Required work — From the records below, please repeat exactly the line that has "value vs effort", the line that has "Республиканское правление на", and every line between them, and nothing else.

Information supplied —
=== Begin Enclosure ===

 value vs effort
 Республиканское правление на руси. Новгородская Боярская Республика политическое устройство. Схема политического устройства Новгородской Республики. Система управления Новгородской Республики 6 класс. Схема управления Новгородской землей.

=== End Enclosure ===
=== Begin Enclosure ===

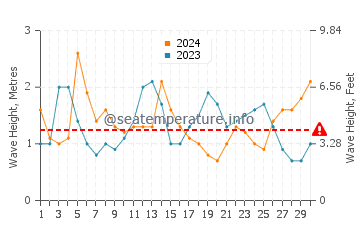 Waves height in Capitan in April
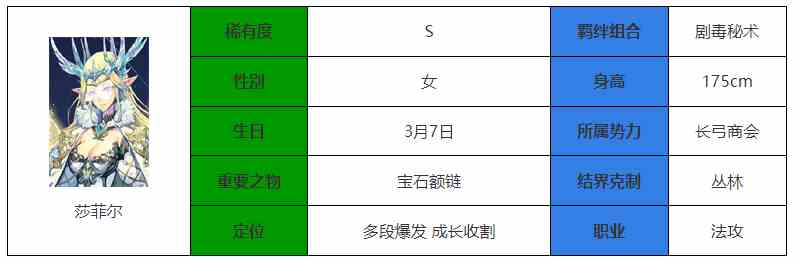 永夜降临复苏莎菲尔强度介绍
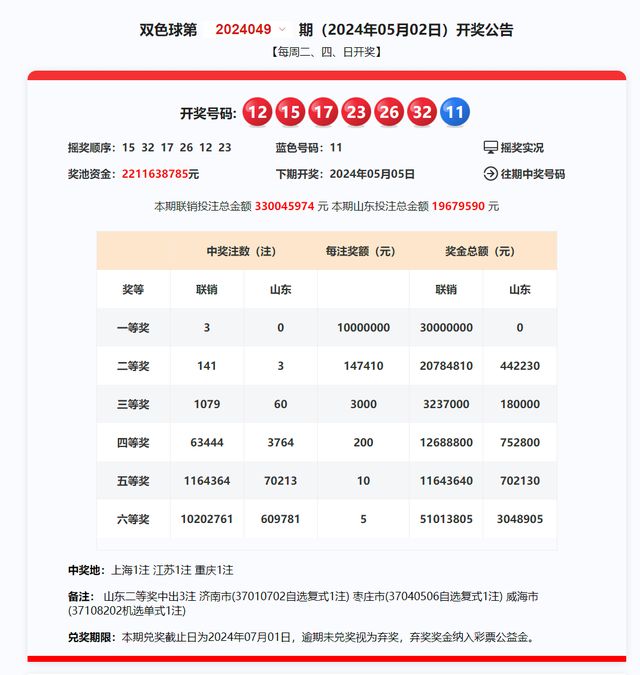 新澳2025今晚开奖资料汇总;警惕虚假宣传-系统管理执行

=== End Enclosure ===
=== Begin Enclosure ===

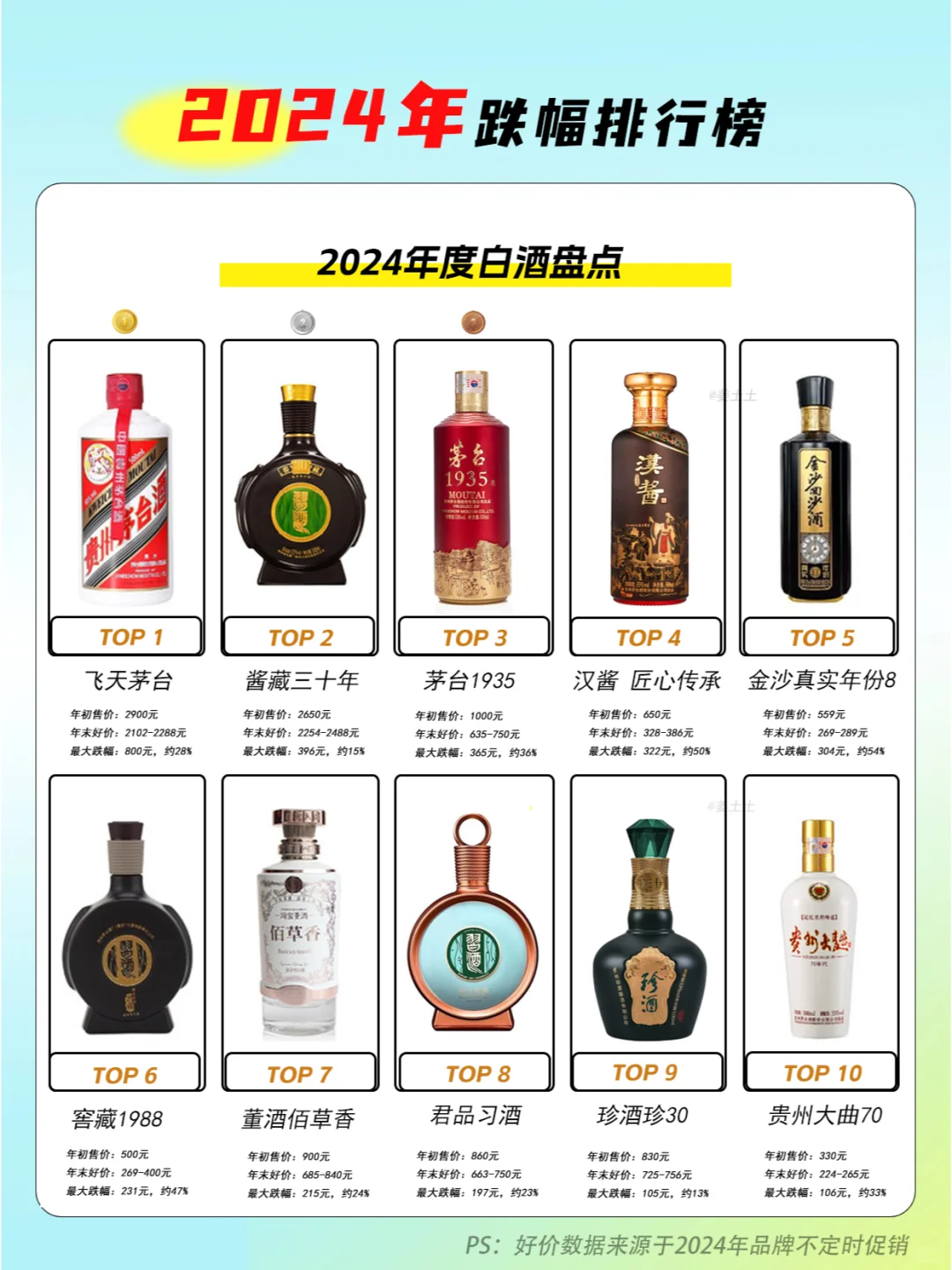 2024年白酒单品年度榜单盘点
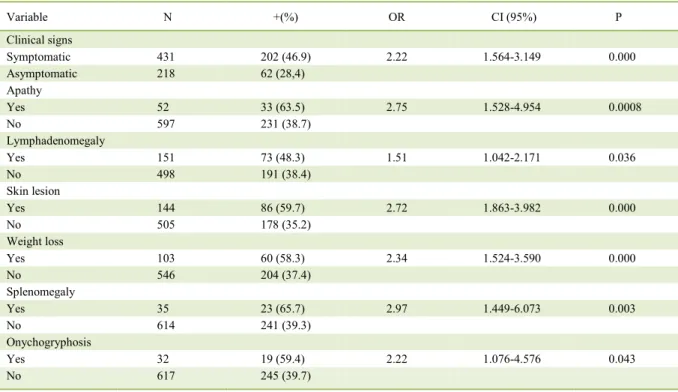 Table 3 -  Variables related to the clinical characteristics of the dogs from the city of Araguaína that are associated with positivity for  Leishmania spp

=== End Enclosure ===

Solved problem —
 value vs effort
 Республиканское правление на руси. Новгородская Боярская Республика политическое устройство. Схема политического устройства Новгородской Республики. Система управления Новгородской Республики 6 класс. Схема управления Новгородской землей.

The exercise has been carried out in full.